Increased activity has been detected from the DPRK's Arty and air forces.
 
cavalryman said:
Didn't waddle away fast enough after strapping a beloved uncle to the missile?
I think he only has one beloved uncle left. Gotta save those silver bullets.
 
https://www.marketwatch.com/story/south-korea-says-it-knows-whereabouts-of-north-koreas-kim-jong-un-and-that-trump-should-have-been-notified-2020-04-28

South Korea says it knows where NK leader is.

 
The hermit kingdom is in the news again.


Kim Jong-Un 'is in a coma and his sister is set to take control' of North Korea, claims South Korean diplomat

By SOPHIE TANNO FOR MAILONLINE
PUBLISHED: 14:33 EDT, 23 August 2020 | UPDATED: 08:57 EDT, 24 August 2020

https://www.dailymail.co.uk/news/article-8656207/Kim-Jong-coma-sister-set-control-claims-South-Korean-diplomat.html

A South Korean diplomat has speculated that Kim Jong Un is in a coma and his sister is being positioned to take control of North Korea.

Chang Song-min, an ex-aide to late-South Korean president Kim Dae-jung, believes Kim has been in a comatose state since April, and that all of his public appearances have been faked.

Chang speculated that Kim Yo-jong, the dictator's younger sister, is now being groomed for leadership after spy chiefs claimed that she has been promoted to de-facto deputy leader of the country.

Intelligence officials are said to have told a closed-door meeting of security chiefs that Kim has put his sister in charge of foreign policy toward the US and South Korea.

The role, if confirmed, would make her de-facto second-in-command of the country. Chang said that such a move is unprecedented in North Korea's history, and would only occur under two scenarios - if Kim was gravely ill, or if there had been a coup.


LINK
 
This could  be good news in that it placed N.K. in position for a breakthrough in which it can normalize relations with China and begin to benefit from China's capitalism under China's communist regime.

Or the other possibility of N.K. submitting to S.K./US demands, which is less likely due to N.K. being in China's/Russia's sphere of influence.
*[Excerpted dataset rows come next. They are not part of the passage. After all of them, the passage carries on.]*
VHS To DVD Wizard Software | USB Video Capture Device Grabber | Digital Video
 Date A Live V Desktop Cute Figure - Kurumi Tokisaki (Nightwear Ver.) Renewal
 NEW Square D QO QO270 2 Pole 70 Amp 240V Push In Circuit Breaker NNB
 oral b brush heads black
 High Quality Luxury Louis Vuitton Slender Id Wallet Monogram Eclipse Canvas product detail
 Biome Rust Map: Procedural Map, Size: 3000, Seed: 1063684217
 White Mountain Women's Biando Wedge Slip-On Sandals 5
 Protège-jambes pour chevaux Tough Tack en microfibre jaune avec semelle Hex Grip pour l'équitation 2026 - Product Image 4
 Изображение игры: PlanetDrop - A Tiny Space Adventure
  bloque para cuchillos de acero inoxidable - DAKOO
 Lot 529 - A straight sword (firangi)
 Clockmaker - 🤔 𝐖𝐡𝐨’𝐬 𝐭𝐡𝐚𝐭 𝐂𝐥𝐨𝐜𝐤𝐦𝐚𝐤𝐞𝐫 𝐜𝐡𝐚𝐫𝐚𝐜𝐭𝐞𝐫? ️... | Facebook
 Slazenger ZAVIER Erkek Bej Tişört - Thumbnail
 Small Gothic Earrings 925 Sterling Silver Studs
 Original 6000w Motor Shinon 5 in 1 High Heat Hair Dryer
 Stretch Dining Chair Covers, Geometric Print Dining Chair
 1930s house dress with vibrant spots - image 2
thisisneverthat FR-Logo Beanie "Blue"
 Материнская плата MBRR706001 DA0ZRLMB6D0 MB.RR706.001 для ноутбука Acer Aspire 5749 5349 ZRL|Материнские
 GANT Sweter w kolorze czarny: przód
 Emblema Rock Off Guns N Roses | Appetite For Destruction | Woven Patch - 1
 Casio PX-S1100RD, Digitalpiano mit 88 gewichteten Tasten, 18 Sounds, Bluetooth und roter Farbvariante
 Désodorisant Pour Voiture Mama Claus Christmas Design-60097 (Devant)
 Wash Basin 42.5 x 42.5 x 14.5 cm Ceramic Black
Foremost of considerations is still going to be the Korean people will to reunite their country.
 
My understanding is that he wasn't in a coma, and he is back to business as usual.  (Albeit there are concerns about his health, still.)

I personally believe it may have been a ruse to see who would come out of the woodwork to try and claim power, so he could verify who is loyal and who isn't.  (A tried & true tactic of long term dictators.)
 
Donald H said:
Foremost of considerations is still going to be the Korean people will to reunite their country.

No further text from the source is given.